The sort command sorts data in ascending order starting by the first field (in our case, the login field) by default. To sort data in descending order, use the -r option:

$ sort -r /etc/passwd

Every user has his or her own UID written in the /etc/passwd file. The following command sorts a file in ascending order using the UID field:

$ sort /etc/passwd -t":" -k3 -n

Here we use the following sort options:

  • -t":": tells sort that the field separator is the ":" symbol;

  • -k3: means that sorting must be done on the third column;

  • -n: says that the sort is to occur on numerical data, not alphabetical.

The same can be done in reverse:

$ sort /etc/passwd -t":" -k3 -n -r

Note that sort has two other important options:

  • -u: perform a strict ordering: duplicate sort fields are discarded;

  • -f: ignore case (treat lowercase characters the same way as uppercase ones).

Finally, if we want to find the user with the highest UID we can use this command:

$ sort /etc/passwd -t":" -k3 -n |tail -n1

where we sort the /etc/passwd file in ascending order according to the UID column, and redirect the result through a pipe to the tail command.
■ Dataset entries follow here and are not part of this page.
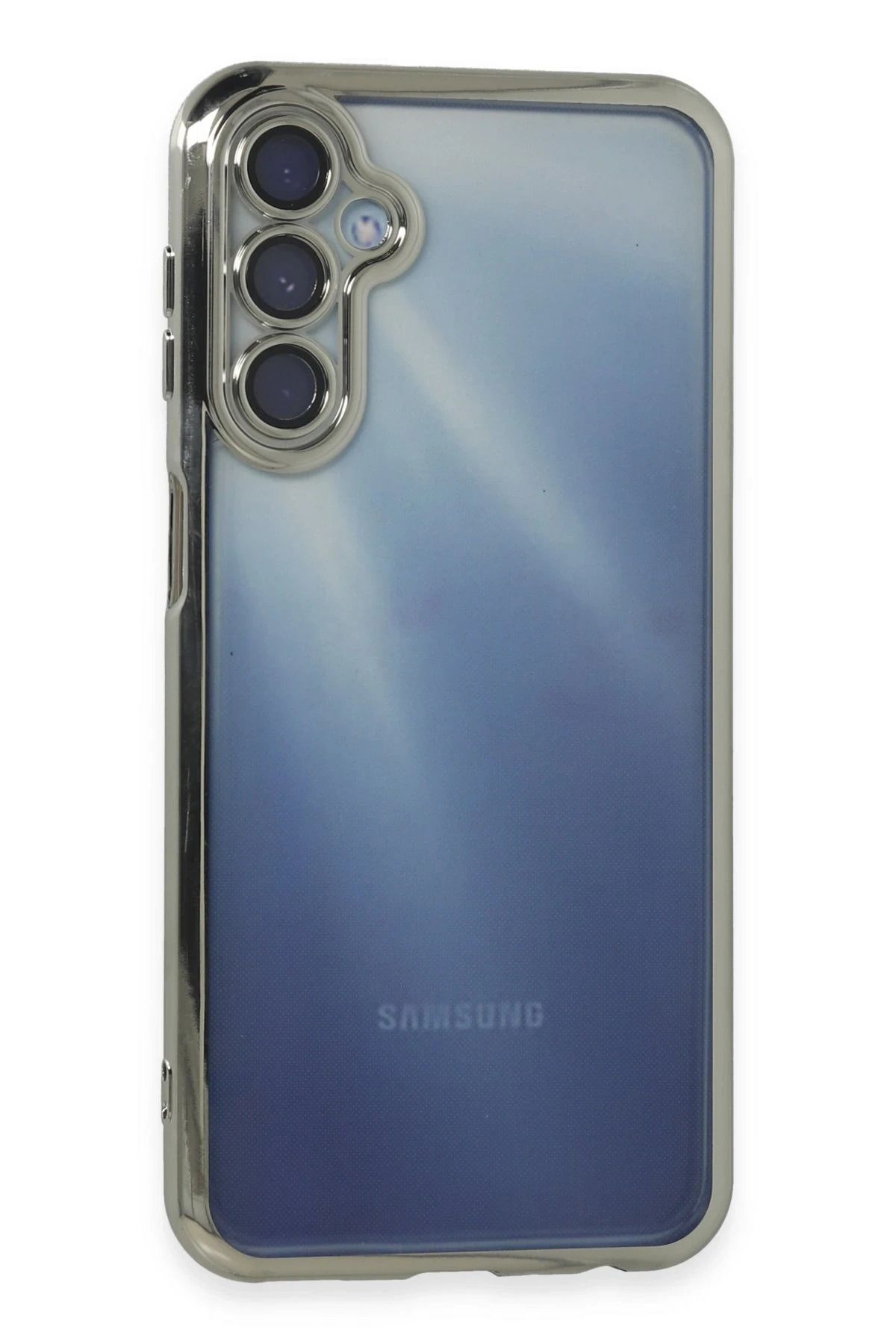 NewFace Samsung Galaxy A55 5G Kılıf Lensli Silikon - Gümüş YNSMR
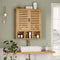 67 cm Armoire Murale de Salle de bain en Bois avec 2 Portes et Étagères réglables Naturelle - FR.SIKAIC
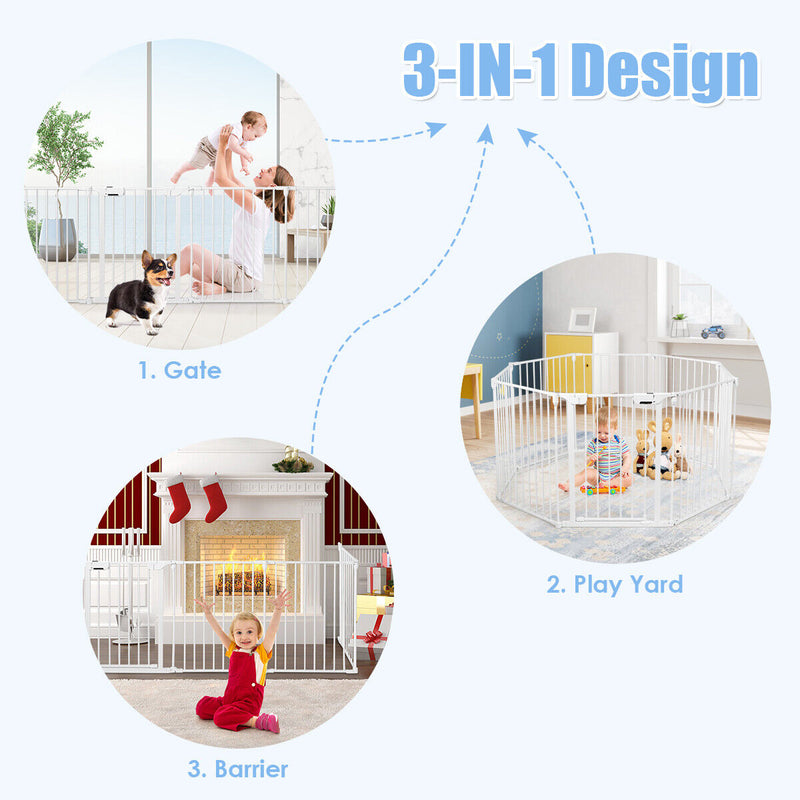 Load image into Gallery viewer, Versatile 8-Panel Metal Play Yard and Pet Barrier with Adjustable Wall Mount
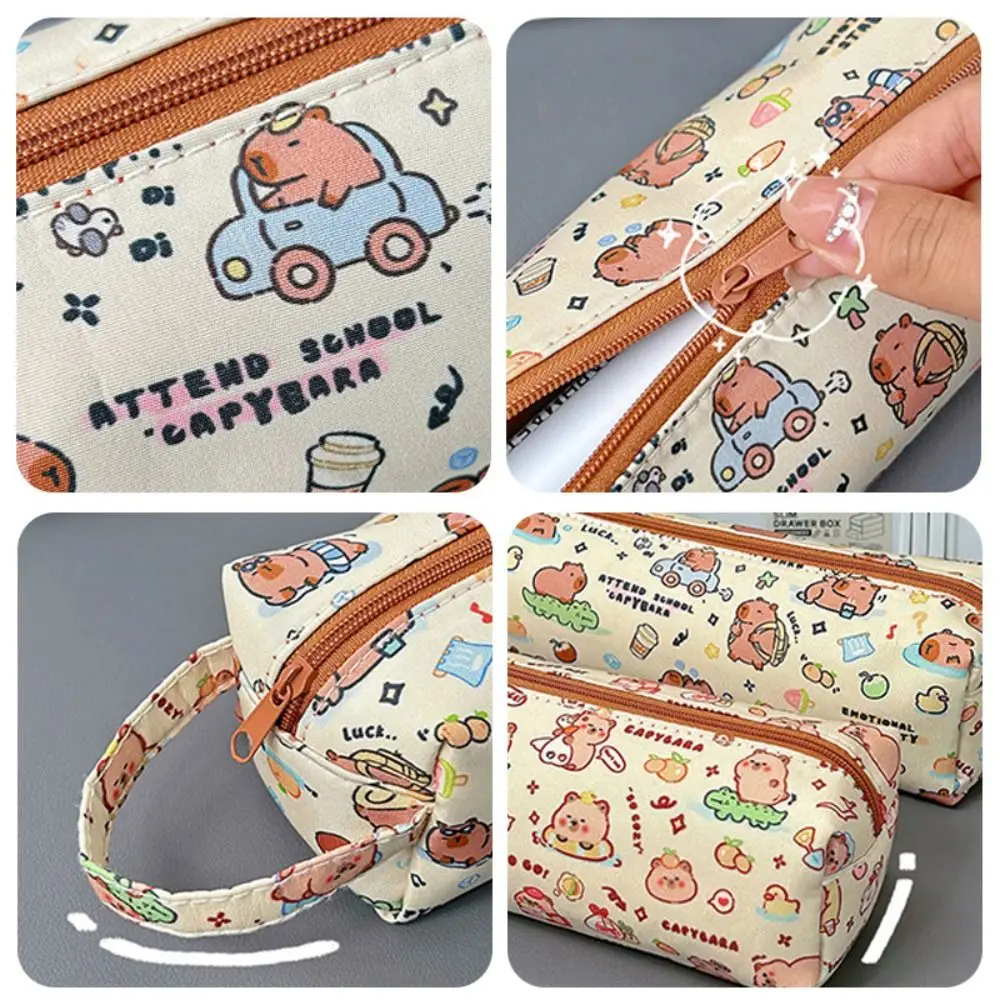 Cute Cartoon Pattern Capybara Pencil Bag Canvas Large Capacity Stationery Bag with Handles Pen Box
The latter will print out the first value of the sorted list.



[23] Some examples in this section are based on real work and server log files (services, daemons, etc.). Make sure syslogd (which allows the logging of a daemon activity), and the corresponding daemon (in our case Postfix) are running, and that you work as root. Of course, you can always apply our examples to other files.

[24] For example, the /var/log/mail/info file contains information about all sent mails, messages about fetching mail by users with the POP protocol, etc.

[25] Although it is possible to filter just by the status pattern please stay with us as we want to show you a new command with this example.

[26] We will only discuss sort briefly here. Whole books can be written about its features.